(NewsNation) — Officials in Grand Forks, North Dakota will decide Monday whether to move forward with a controversial corn milling plant proposal, which has ties to China and recently met opposition from the U.S. Air Force.
In a Jan. 27 letter to two U.S. North Dakota senators, an Air Force official said the project “presents a significant threat to national security.” Because the project site is situated about 12 miles from the Grand Forks Air Force Base, the city has always considered any potential national security concern a “show-stopper,” said City Administrator Todd Feland.
The Air Force’s letter is dated just one day before a suspected Chinese surveillance balloon was first spotted flying above America’s Midwest. There is no known connection between the balloon, which was shot down Saturday, and the proposed North Dakota corn mill.
“It just highlights there are many symbolic concerns that we have in our country and nothing really trumps national security,” Feland said.
The Grand Forks project has been a point of contention for its ties to a Chinese company since it was first proposed in 2021. The group seeking to develop the plant, Fufeng USA, manufactures animal feed products.
Headquartered in Chicago, Illinois, Fufeng USA is a subsidiary of the Jinan, China-based company Fufeng Group Limited. It selected Grand Forks for its first wet corn mill processing plant in the U.S., according to the city’s website.
Fufeng and city officials have not spoken since learning of the Air Force’s letter, Feland said.

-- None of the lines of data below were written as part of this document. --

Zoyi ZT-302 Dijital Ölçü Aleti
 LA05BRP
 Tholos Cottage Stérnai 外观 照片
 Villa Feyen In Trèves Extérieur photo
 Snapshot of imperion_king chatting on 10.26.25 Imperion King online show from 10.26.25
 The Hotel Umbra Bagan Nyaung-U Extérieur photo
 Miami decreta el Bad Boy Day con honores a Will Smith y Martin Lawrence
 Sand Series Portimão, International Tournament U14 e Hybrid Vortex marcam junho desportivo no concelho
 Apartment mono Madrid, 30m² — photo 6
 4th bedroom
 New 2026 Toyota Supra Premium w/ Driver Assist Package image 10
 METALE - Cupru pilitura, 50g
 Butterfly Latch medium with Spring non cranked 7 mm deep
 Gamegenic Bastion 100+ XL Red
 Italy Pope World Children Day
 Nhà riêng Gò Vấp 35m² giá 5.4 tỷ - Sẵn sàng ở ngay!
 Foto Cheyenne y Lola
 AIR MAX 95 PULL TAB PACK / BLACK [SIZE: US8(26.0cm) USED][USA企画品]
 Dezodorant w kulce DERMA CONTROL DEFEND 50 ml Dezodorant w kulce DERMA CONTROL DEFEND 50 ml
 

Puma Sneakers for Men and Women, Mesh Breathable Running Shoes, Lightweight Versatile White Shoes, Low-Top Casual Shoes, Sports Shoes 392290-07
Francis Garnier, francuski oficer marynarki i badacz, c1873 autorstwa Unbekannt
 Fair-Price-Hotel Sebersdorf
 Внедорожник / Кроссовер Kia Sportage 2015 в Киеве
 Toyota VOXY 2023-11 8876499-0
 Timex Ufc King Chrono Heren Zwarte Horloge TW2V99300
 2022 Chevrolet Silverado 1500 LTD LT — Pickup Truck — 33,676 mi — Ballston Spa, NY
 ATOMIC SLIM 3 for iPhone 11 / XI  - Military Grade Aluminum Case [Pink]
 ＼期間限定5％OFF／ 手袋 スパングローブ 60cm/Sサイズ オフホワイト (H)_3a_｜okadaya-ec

Those who favored the project hoped it would bring jobs and money to Grand Forks, which has a population of less than 59,000. A large taxing body, the plant would have been paying more than $6 million in property taxes by the end of its 20-year tax incentive period.
Although the project has been a topic of local debate for the past two years, it only recently received official opposition from the Air Force.
“…The Department’s view is unambiguous: the proposed project presents a significant threat to national security with both near- and long-term risks of significant impacts to our operation,” Air Force Assistant Secretary for Acquisition, Technology and Logistics Andrew Hunter wrote in the Jan. 27 letter.
The Air Force’s opinion might be too late, however. Fufeng already owns the land, which encompasses 370 acres. The city’s local newspaper, Grand Forks Herald, reported that Mayor Brandon Bochenski now is seeking ways to stop the project.
In a joint statement from U.S. Sen. John Hoeven (R-N.D.) and Sen U.S. Sen. Kevin Cramer (R-N.D.), whom the letter referenced. the politicians asked the city to discontinue the Fufeng operation. Instead, they said Grand Forks should find “an American company to develop the agriculture project.”
“City leaders have asked for clarity from leaders in the federal government regarding the Fufeng project,” the joint statement read. “The Air Force left ambiguity off the table…”
City leaders are holding on to hopes that the land can still be put to good use. A prime spot for agribusiness, officials hope to see the space under new ownership in the future, Feland said ahead of Monday’s vote.
“We’re learning and we’re a lot smarter now than we were a year or two ago about national security and concerns with China,” Feland said.